On what makes the Virtual Currency Business Act Unique: “The Virtual Currency Business Act includes extensive consumer protection so that the BMA can protect its citizens. However, it also has enough regulation that allows the ecosystem to flourish without consequences of not knowing what will be down the road, if the law is going to change on them or the regulations are going to change. Within the ecosystem what are we talking about with ICOs? Are we talking about utilities, securities or something that’s in between both of them? I think as long as there’s clear guidance to the industry of the regulators goals, how they want to regulate and how things are defined, the ecosystem can flourish and develop. We’re seeing it unfold with these new blockchain entrepreneurs who want to flourish in the new open economy. These entrepreneurs are open to having regulation and a jurisdiction that doesn’t tolerate the nefarious players in ICOs.

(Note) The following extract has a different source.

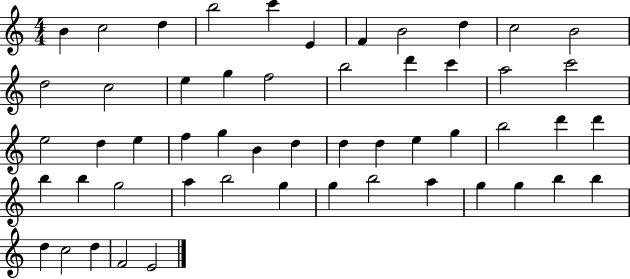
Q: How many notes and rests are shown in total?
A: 53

“Governments are still grappling with ICOs and how to regulate them. For us, it’s about taking a leap of faith and saying, “Let’s put together a responsible form of regulation around activities happening anyway. Give these projects credibility and give them an ecosystem in which they can flourish.””
On putting together standards for crypto to help businesses scale globally: “Joseph and I have been working with other jurisdictions on crypto legislation—for example, we’re on the fintech advisory board to the Financial Services Commission in Mauritius—but it’s not about the telling the jurisdictions to do things better; each jurisdiction has different needs and wants. The worst thing is that policy writers are not technologists and technologists are not policy writers. The reason why we see vastly different regulations around the world is because both those worlds rarely ever meet. However, what we’re trying to achieve is to have crypto regulation across the world that looks similar. That way, entrepreneurs in this ecosystem the ability to go into jurisdictions that is similar around the world that have similar KYC/AML for their business so they can move seamlessly between jurisdictions. At the end of the day, companies have be able to scale. Once they have built their company in a smaller jurisdiction, it has to be able to scale into more mature markets and take it global.

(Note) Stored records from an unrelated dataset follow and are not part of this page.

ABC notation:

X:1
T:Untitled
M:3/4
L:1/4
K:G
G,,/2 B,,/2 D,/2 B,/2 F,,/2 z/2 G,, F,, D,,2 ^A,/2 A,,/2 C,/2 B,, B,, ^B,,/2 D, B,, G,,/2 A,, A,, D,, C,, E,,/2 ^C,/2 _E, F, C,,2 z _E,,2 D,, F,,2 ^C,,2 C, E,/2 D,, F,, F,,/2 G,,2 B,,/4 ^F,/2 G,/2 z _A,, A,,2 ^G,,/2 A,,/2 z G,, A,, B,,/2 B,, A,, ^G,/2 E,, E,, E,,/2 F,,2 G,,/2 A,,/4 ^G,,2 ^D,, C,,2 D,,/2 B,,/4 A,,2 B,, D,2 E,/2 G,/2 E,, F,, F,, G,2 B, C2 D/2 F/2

“What we want to avoid is what happened with internet regulation. Every jurisdiction came out with different responses on how we grapple with innovation and technology, and it has not been working. So let’s start to write responsible local standards that affect people at much more global level. If we’ve learned anything from that into blockchain technologies, it’s that we need to work together from the start to write the rules that include everybody.”